Dois dias depois do debate entre Donald Trump e Joe Biden, o presidente americano informou que tinha contraído uma doença. Como o debate tinha sido bastante pornográfico, imaginei que fosse sífilis. Afinal não, era Covid. Acabou por ter sorte.
Sobre o debate, não tenho muito para dizer, até porque não consegui ouvir a maior parte. Mas sobre as reações ao debate tenho opiniões. Logo no dia seguinte, alguém escreveu que, uma vez que o debate tinha sido tão vergonhoso, o melhor era cancelar os debates. E, depois, outras pessoas um pouco menos radicais sugeriram cortar o microfone a um candidato enquanto o outro fala.
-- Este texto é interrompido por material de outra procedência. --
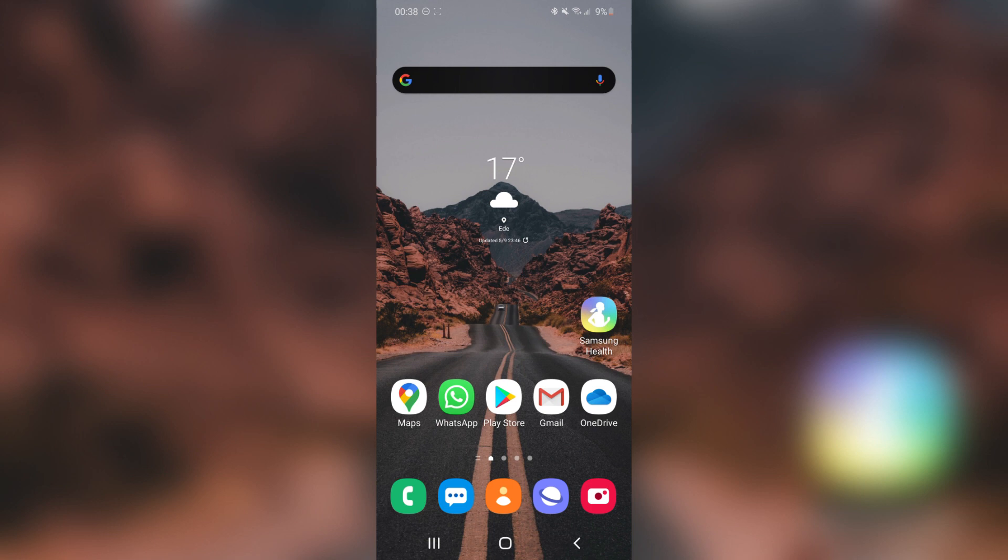Hi guys, welcome to a new video. In this video I will show you how to change your background into an invisible wallpaper or a transparent wallpaper, whatever you want to call it. I'm on my Galaxy S20 right now and I will show you how this works.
A primeira proposta equivale a jogar fora o bebê com a água do banho. O bebê é a democracia. A água do banho foi o debate. Talvez seja exagero falar em banho. A água estava tão porca que o bebê saiu mais sujo do que entrou. Acontece que o bebê é mais robusto do que se pensa.
Quem sabe se, após aquele banho de lama, a democracia não ficou com uma pele magnífica? Cancelar os debates é jogar fora o bebê. É precisamente o que pretendem os inimigos do bebê. Não parece muito sensato.
Já cortar o microfone ao candidato que não está a falar é, além de paternalista, inútil. As interrupções não atrapalham o adversário por estarem a ser ouvidas pelo espectador em casa; elas atrapalham o adversário por ele estar a ouvi-las ao tentar formular um raciocínio.
A única hipótese era fechar um candidato numa cabina insonorizada enquanto o outro fala, ou aplicar-lhe uma mordaça. Essa é a parte inútil. A parte paternalista é alguém achar que é aceitável entregar o destino de um dos países mais poderosos do mundo a uma pessoa mas, durante os debates que precedem a sua eleição, tratar essa pessoa como uma criança.
"Como você não sabe comportar-se, um mês antes de lhe entregar os códigos das armas nucleares vou colocá-lo de castigo sempre que o seu amiguinho falar." Há aqui qualquer coisa que não faz sentido.
Não digo que não haja necessidade de mudar alguma coisa nas regras do debate, para evitar outro desastre como o de terça-feira. Mas estas opções são más. Talvez a nossa única hipótese para salvar a democracia seja substituir o jornalista que modera por uma babysitter.